[BRIEF]
An exact copy of the lines from the top of the data through the line with "English Elm Arched" is what you should give, with no pictures in it.

[RECORD EXTRACTS]

━━━━━━━━

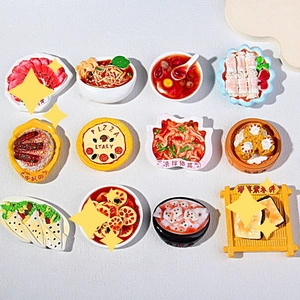 Collection of realistic resin 3D food magnets including pizza and noodle designs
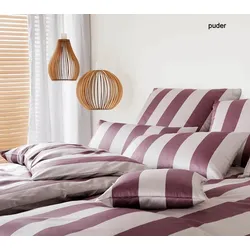 Elegante Bettwäsche Night Stripe - 135x200 cm + 40x80 cm	puder
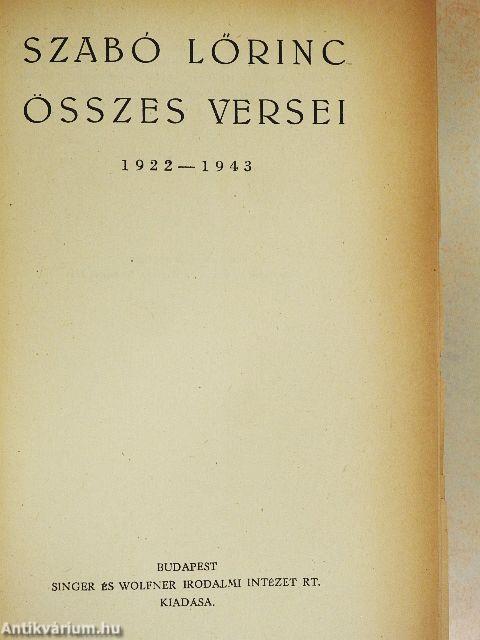 Szabó Lőrinc összes versei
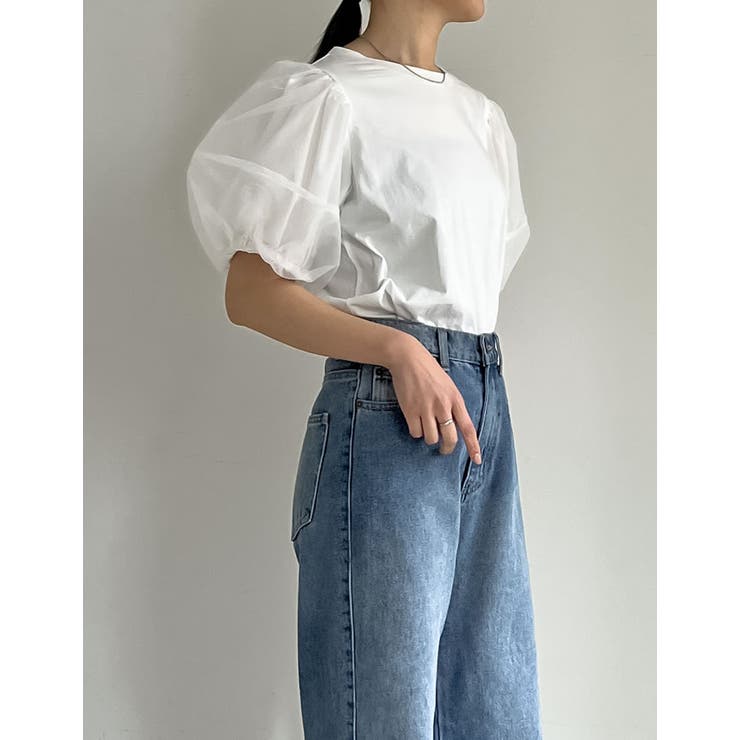 オーガンジースリーブ半袖トップス | Re:EDIT | 詳細画像32 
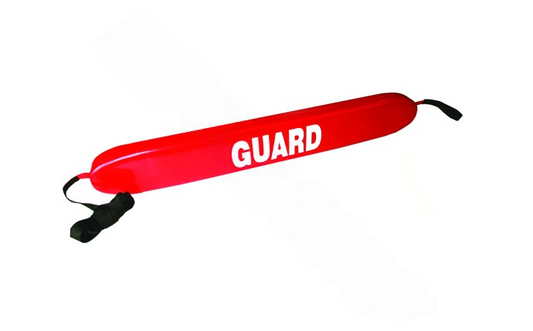 Front view of KEMP 50" red rescue tube with GUARD logo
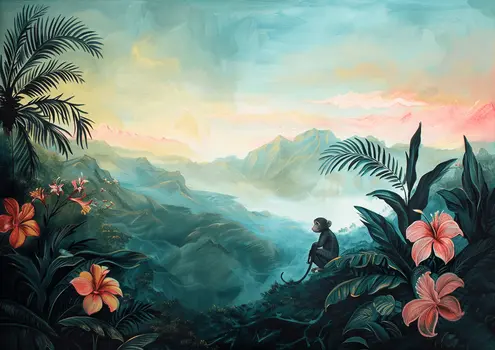 The Monkey Waits Landscape 5”x7” Art Print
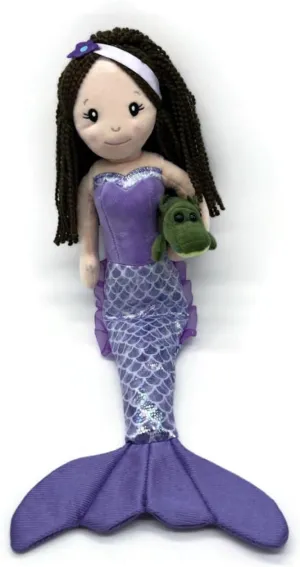 The Petting Zoo Mermaid Doll with Alligator Stuffed Animal- Great Gifts for Girls, Mermaid Plush Doll with Alligator Plush Toy, 17 inch (Brunette)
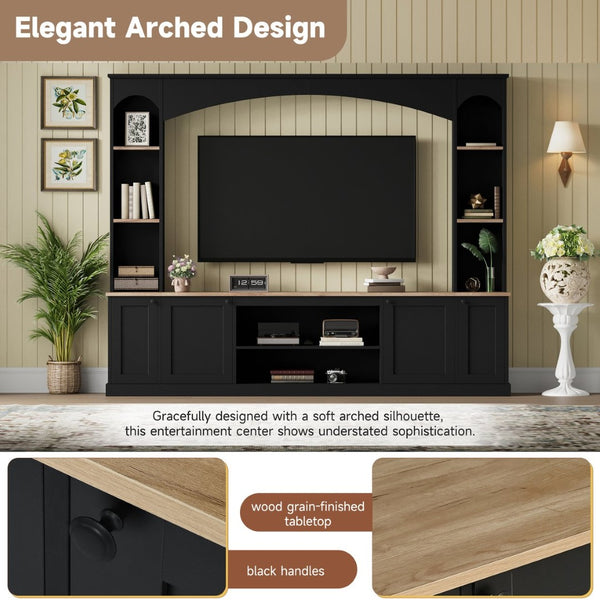 English Elm Arched Farmhouse Entertainment Center with Open Shelving for Living Room Black N721S000063B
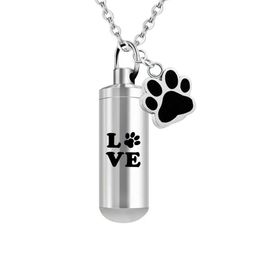 Cendres pour l'amour pattes d'animaux imprimer en acier inoxydable souvenir pendentif cylindre crémation urne bijoux collier bijoux collier Dhres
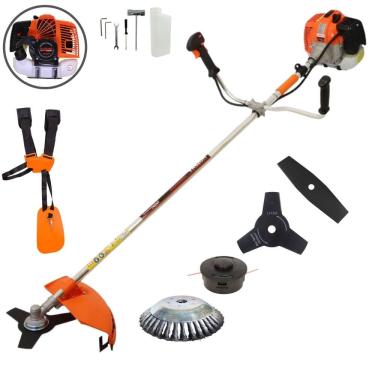 Imagem de Roçadeira  Vulcan VR620H Motor 2 Tempos 62cc 12.500rpm 3HP de Potência Com Carretel Nylon e Faca 3 Pontas + Faca 2 Pontas + Escova de Aço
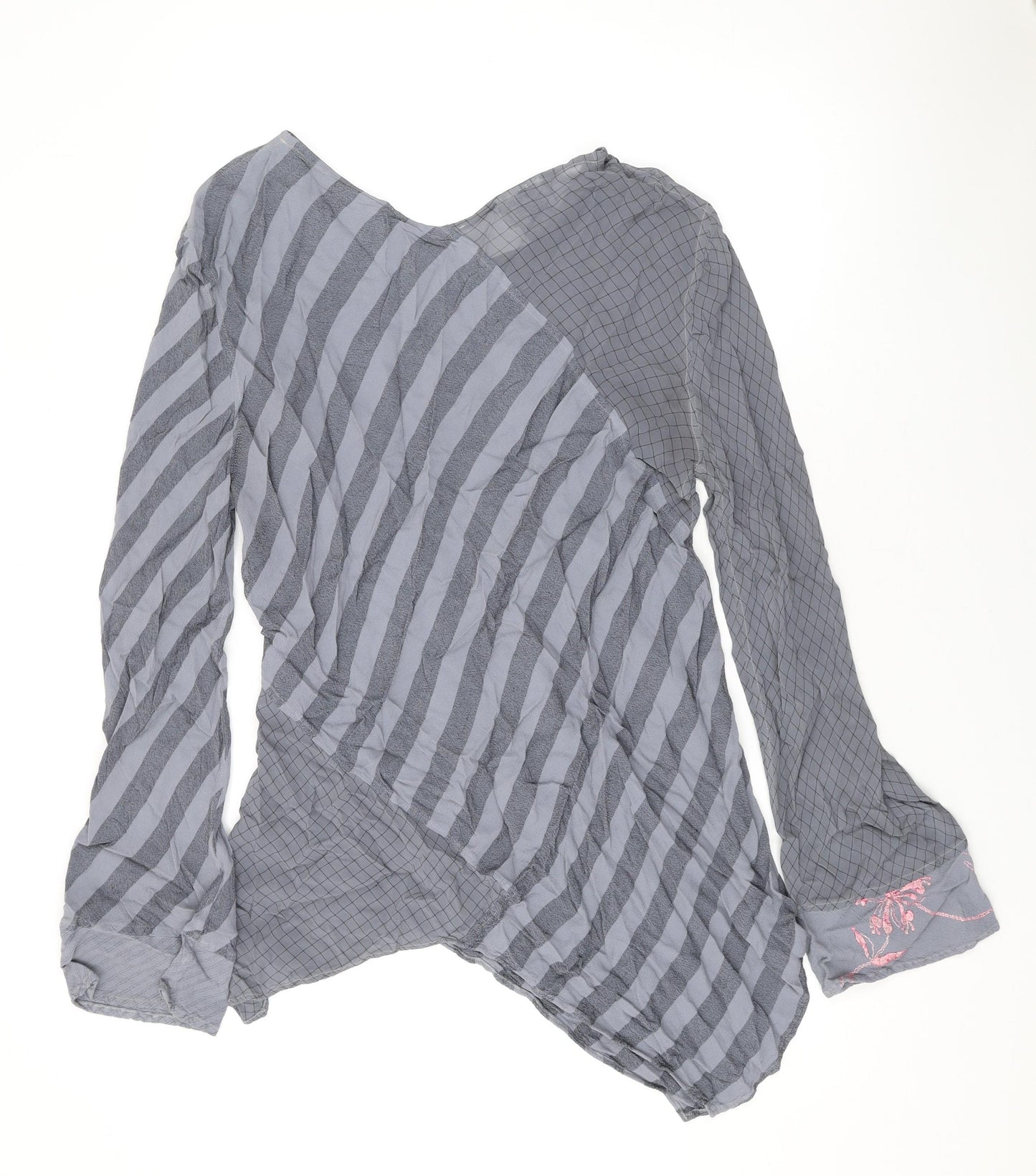 Ghost Womens Grey Geometric Polyester Basic Blouse Size S Round Neck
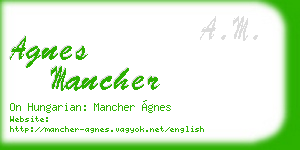 agnes mancher business card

━━━━━━━━

[SOLUTION]
 Collection of realistic resin 3D food magnets including pizza and noodle designs
 Elegante Bettwäsche Night Stripe - 135x200 cm + 40x80 cm	puder
 Szabó Lőrinc összes versei
 オーガンジースリーブ半袖トップス | Re:EDIT | 詳細画像32 
 Front view of KEMP 50" red rescue tube with GUARD logo
 The Monkey Waits Landscape 5”x7” Art Print
 The Petting Zoo Mermaid Doll with Alligator Stuffed Animal- Great Gifts for Girls, Mermaid Plush Doll with Alligator Plush Toy, 17 inch (Brunette)
 English Elm Arched Farmhouse Entertainment Center with Open Shelving for Living Room Black N721S000063B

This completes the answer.